Combine, Merge, and Append

I have payroll data files which I want to gather into BI. Originally, I was Combining files but additional columns appeared so Combine started giving me issues. Would Merge be a better fit since the files will not be the same. Probably 18 of 20 columns will be the same. The rows will be different with each file as well. Or, should I just manually create one file in Excel through copy / paste to create a file. I would rather automate thru BI Power Query. I want to be able to take the most recent payroll file each week and add to existing BI file.

I have attached a copy of some of the data in the files and highlighted in yellow some of the columns that get added at various times.

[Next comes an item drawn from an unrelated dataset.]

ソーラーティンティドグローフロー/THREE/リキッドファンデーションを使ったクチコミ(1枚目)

Thanks for any recommendations.

Richard

Merge Jan.xlsx (10.2 KB)
Merge Feb.xlsx (10.0 KB)

Hi,
There is not 1 recipe for this type of data pollution, ranging from bespoke scripts for one situation to conversion tables for another, but manageable.
May I recommend you get the book “Collect, Combine and Transform Data using PQ by Gil Raviv”
He describes, with examples that you can download, how to handle these anomalies.
Paul

4 Likes

Hi Paul,

Thanks. I actually looked back at several books I bought earlier and that was one of them. I will review.

Richard

HI @RBDport

This video might also be helpful.

Simple Transformations using Query Editor

Thanks and have a good day

Najah

I was watching these videos and thought if you would be able to go through some of these and other videos of this course, it can help you with your requirements.

Planning Data Model

Integrating Tables together

Have a good day

Najah

Hi @RBDport, we’ve noticed that no response has been received from you since the 21st of March. We just want to check if you still need further help with this post? In case there won’t be any activity on it in the next few days, we’ll be tagging this post as Solved. If you have a follow question or concern related to this topic, please remove the Solution tag first by clicking the three dots beside Reply and then untick the checkbox. Thanks!

Hi Najah,

Thanks for the help. I will look at those videos today. This weekend I was reading the book that Gil Raviv wrote (Paul’s suggestion) and that holds some promise.

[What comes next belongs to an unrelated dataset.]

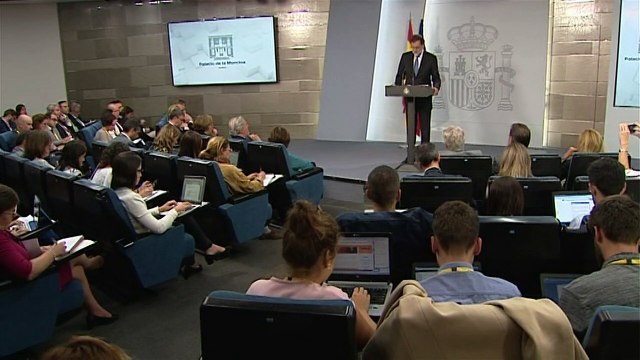 مدريد تفرض الوصاية المباشرة على كاتالونيا المستقلة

I will be testing some ideas this afternoon.

Richard

1 Like

Hi @RBDport

Have you tried Append in PQ. It will combine columns with same names and for different column will keep the values not present in other file as null.

Thanks
Ankit J

Hi Ankit,

I will look at Append again. I thought the columns and layout had to be the same for both files. I never know which columns may be added and new columns may be added anywhere in the file. I will test this with some other ideas today.

Thanks,

Richard

Hi @RBDport

Not really if you are using Append in PQ. Only thing that matter is column names shall be same. Try and let m know the output.

Thanks
Ankit J

Hi Ankit,

Trying the APPEND and this may work. Not a problem if columns are added but if some not there I have to adjust the Power Query. No big deal.

Having trouble setting up in Power Query a Payroll History File (after APPEND two files) and want to add a third file say the next Payroll Input File to APPEND to History File automatically. It keeps removing the prior Input File data. Any ideas so I can use Input File that appends to a file to create History.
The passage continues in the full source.